Sobre educação, medo e liberdade
Exceto pelo necessário domínio da matéria que ensinava (Português), e no saber fazer também, nunca me apeguei a ideia de autoridade em sala de aula. Nunca me dei bem com isso. Como professor, nunca coube nada em mim além do querer saber ensinar.
Continuo,
por exemplo, sendo radicalmente contra a ideia de autoridade que transfere ao
professor a competência de pôr ordem na sala. Isso foge totalmente a minha
compreensão do que é ser professor. Quem sabe foi por isso que, depois de muito
tempo (porque não punha ordem na sala) me acusaram de indisciplina um dia.
Convenhamos
(ou não): todo professor tem mesmo o direito de ter orgulho de ser professor, e
deixar isso bem claro (sem falsa moral nem modéstia, porque senão
desparecemos). Mas é preciso não cair na tentação do engodo do poder de autoridade que nos seduz todo o tempo: “Sou eu quem manda aqui, ouviram? ”. Nem por medo,
nem por pressão.
Saber
ser professor eu diria é saber ensinar que, numa relação ensino-aprendizagem,
ninguém manda. Muito menos ele, o professor. Quem manda é a combinação do
querer ensinar com o querer aprender do outro. Se eu quero ensinar, devo me
compor como quem quer ensinar. Se eu quero aprender, devo me compor para
aprender.
É
provável que muitos dos colegas professores se sirvam, em dado momento, dessa
aparente competência de autoridade para pôr (ou impor) ordem em sala. Mas,
creio eu, se assim fazem (se ainda assim fazem), fazem apenas por desespero
diante da falta do querer aprender do outro. Não como estratégia
didático-pedagógica.
Porque,
no fundo, todos sabem que não funciona. Todos sabemos que o efeito surtido de
toda autoridade (mesmo a de aparência), pode frustrar as expectativas: pode ser
de medo e não de respeito (o não esperado e o esperado, respectivamente)
Em
qualquer situação, autoridade demais para a ordem das coisas costuma pôr em
risco as liberdades, inclusive a própria suposta autoridade (tanto a de quem
acha ter como a de quem acredita que o outro é que tem) A meu ver, autoridade
demais só serve à uma finalidade: a de concluir que as coisas não vão bem.
Erich
Fromm, em O Medo à Liberdade, afirma
que um dos principais medos do homem é o medo da evolução. Medo este que o companha desde
o seu nascimento. Se não evolui (= cresce, avança, conhece, sai do ponto em que
se encontra), avalia, o homem permanece “nascendo”. Nunca cresce.
Embora
se refira ao mundo corporativo (o das grandes Companhias), acho que o que ele
diz tem a ver com a educação escolar também. Sempre tem. A educação escolar
carece de evoluir. Ser libertadora. Aquela que, segundo Freire, liberta das
amarras dos medos. Com medo, ninguém aprende a ser livre. Com medo, tem-se
apenas medo.
A
psicologia também nos ensina sobre o assunto: o respeito como resultado do medo
não é confiável, porque é embrutecedor (= tornar-se bruto, do latim brutus, que quer dizer o que é inerte,
tolo, ingênuo). Por ser assim, um sentimento ingênuo e tolo que nos paralisa, o
medo pode ser ruim até para quem o inventa, para quem o propaga. Respeitar pelo
medo nem liberta nem é libertador, portanto.
A
parada é dura. Eu sei. Mas, com ousadia e coragem, é possível lutar contra o
medo que embrutece meninos e meninas em sala de aula. Como professor, cansei de
ouvir coisas do tipo (de tudo que é lado, até de muita gente de fora da
escola): “O senhor tem de pôr ordem na sala”, só na sua aula que tem essa
bagunça”, “o senhor é ou não é um professor? ”
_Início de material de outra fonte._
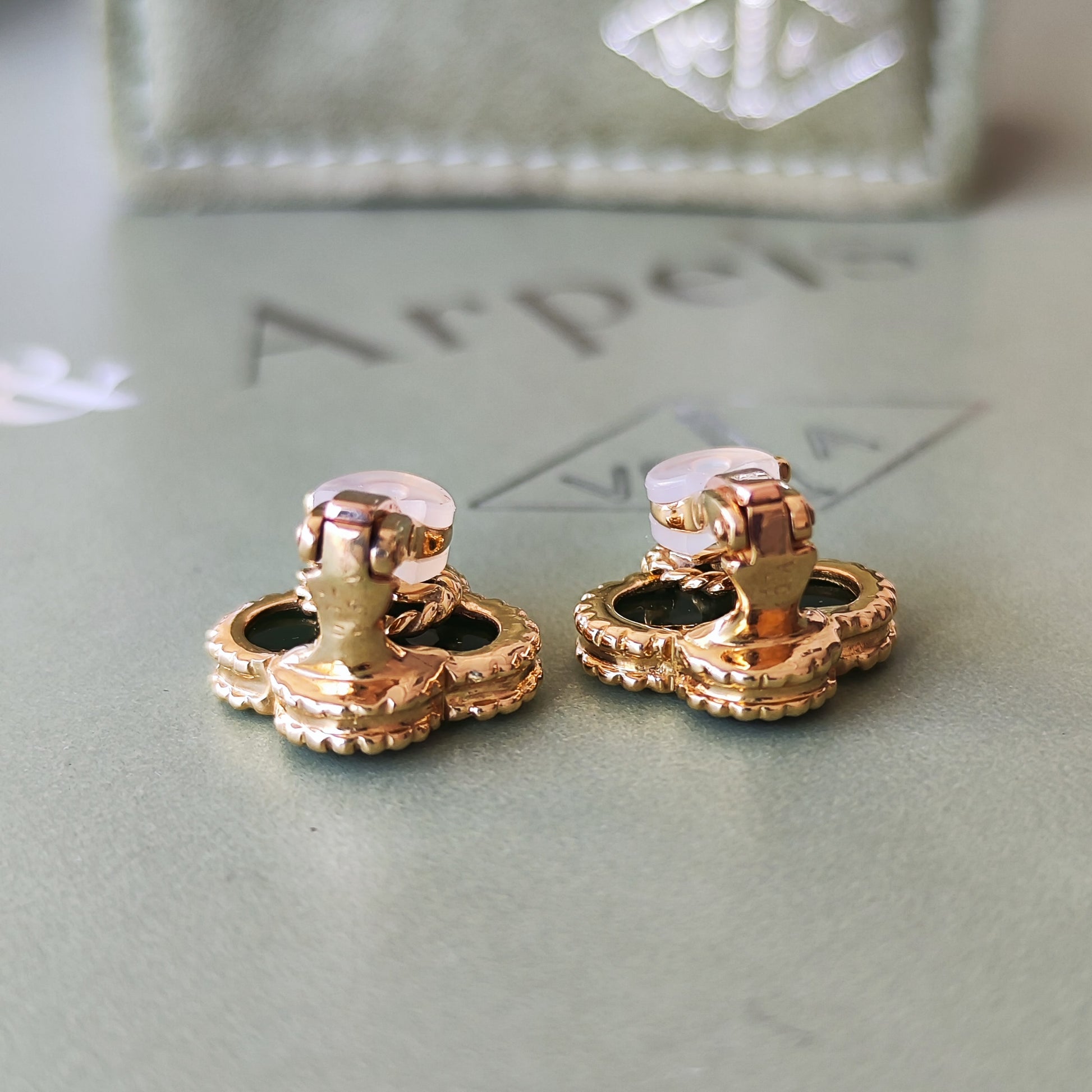 Van Cleef & Arpels ヴァンクリーフ&アーペル ヴィンテージアルハンブラ 翡翠 イヤリング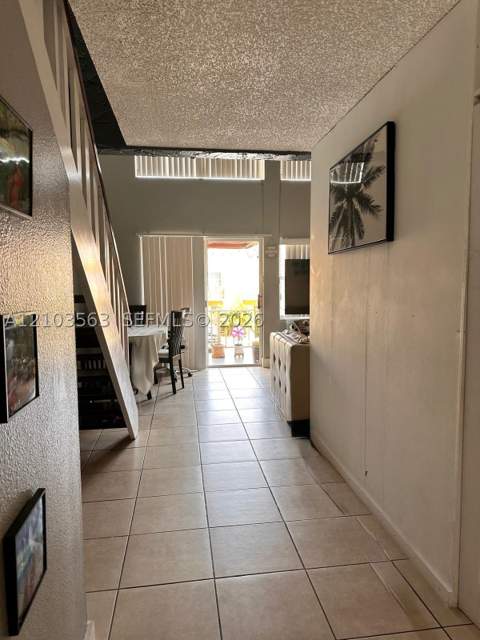 17911 NW 68th Ave N207, Hialeah FL - photo 9 of 20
Proceder a intervenções como estas é um
desafio e tanto, eu sei, porque, além de fatalistas (parece não haver saída), reforçam a noção
equivocada de ser professor. Especialmente quando ditas por certos meninos e
meninas (nunca eram todos, ainda bem) porque não sentia verdade nem ofensa
quando eram ditas por eles. Era apenas manifestações ingênuas do embrutecimento
(provocações).
Compreensível,
em parte, já que eram meninos e meninas ainda. Pior se fossem adultos já
feitos, repletos de outros medos. Adultos com medo de ver na luz. Uma tragédia (lembram-se de
O Mito da Caverna?). Por isso, de vez em quando, não havia outro jeito senão
arriscar. Era preciso livrá-los do embrutecimento enquanto era tempo.
Era
preciso torná-los livres da ingênua necessidade de que, em sala, quem manda é o
professor. O professor tem de saber a matéria e ensiná-la certo (o que não é pouco). O resto, o querer aprender (o que também não é pouco), é com os alunos.
“Não
precisem de mim para dizer como cada um de vocês tem de se comportar para ser bom aluno”. Eu dizia a eles. Era preciso ensiná-los a serem livre. O resultado
parece obscuro porque demorado. Mas vale a pena.
Quando
menino, eu provei muitas vezes da sensação de medo. Era medo de tudo que é tipo
que me botavam. Mas o medo que mais tinha medo era o da autoridade demais.
Quase me embruteci para sempre. Ainda bem que me tornei um professor.